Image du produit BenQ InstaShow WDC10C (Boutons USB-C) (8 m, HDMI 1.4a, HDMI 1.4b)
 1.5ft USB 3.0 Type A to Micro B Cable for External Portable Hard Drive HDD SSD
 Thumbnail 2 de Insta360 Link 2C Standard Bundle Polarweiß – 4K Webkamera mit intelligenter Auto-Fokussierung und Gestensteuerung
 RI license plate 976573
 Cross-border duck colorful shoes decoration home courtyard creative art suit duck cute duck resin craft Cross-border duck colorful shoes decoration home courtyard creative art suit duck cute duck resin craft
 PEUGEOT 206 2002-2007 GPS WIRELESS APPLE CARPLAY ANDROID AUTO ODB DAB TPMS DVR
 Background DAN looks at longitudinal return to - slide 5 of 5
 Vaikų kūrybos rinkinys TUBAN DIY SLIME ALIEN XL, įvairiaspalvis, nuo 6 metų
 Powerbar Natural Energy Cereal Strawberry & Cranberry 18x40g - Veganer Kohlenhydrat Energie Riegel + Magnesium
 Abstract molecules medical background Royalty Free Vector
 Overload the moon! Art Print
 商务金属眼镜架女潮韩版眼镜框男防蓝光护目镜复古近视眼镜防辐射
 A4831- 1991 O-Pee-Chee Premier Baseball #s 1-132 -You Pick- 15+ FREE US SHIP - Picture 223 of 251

--

INSTRUCTIONS FOR THE TASK:
Send back, unchanged, every line of the records from the one with "PEUGEOT 206 2002-2007" through the last.

TASK SOLUTION:
 PEUGEOT 206 2002-2007 GPS WIRELESS APPLE CARPLAY ANDROID AUTO ODB DAB TPMS DVR
 Background DAN looks at longitudinal return to - slide 5 of 5
 Vaikų kūrybos rinkinys TUBAN DIY SLIME ALIEN XL, įvairiaspalvis, nuo 6 metų
 Powerbar Natural Energy Cereal Strawberry & Cranberry 18x40g - Veganer Kohlenhydrat Energie Riegel + Magnesium
 Abstract molecules medical background Royalty Free Vector
 Overload the moon! Art Print
 商务金属眼镜架女潮韩版眼镜框男防蓝光护目镜复古近视眼镜防辐射
 A4831- 1991 O-Pee-Chee Premier Baseball #s 1-132 -You Pick- 15+ FREE US SHIP - Picture 223 of 251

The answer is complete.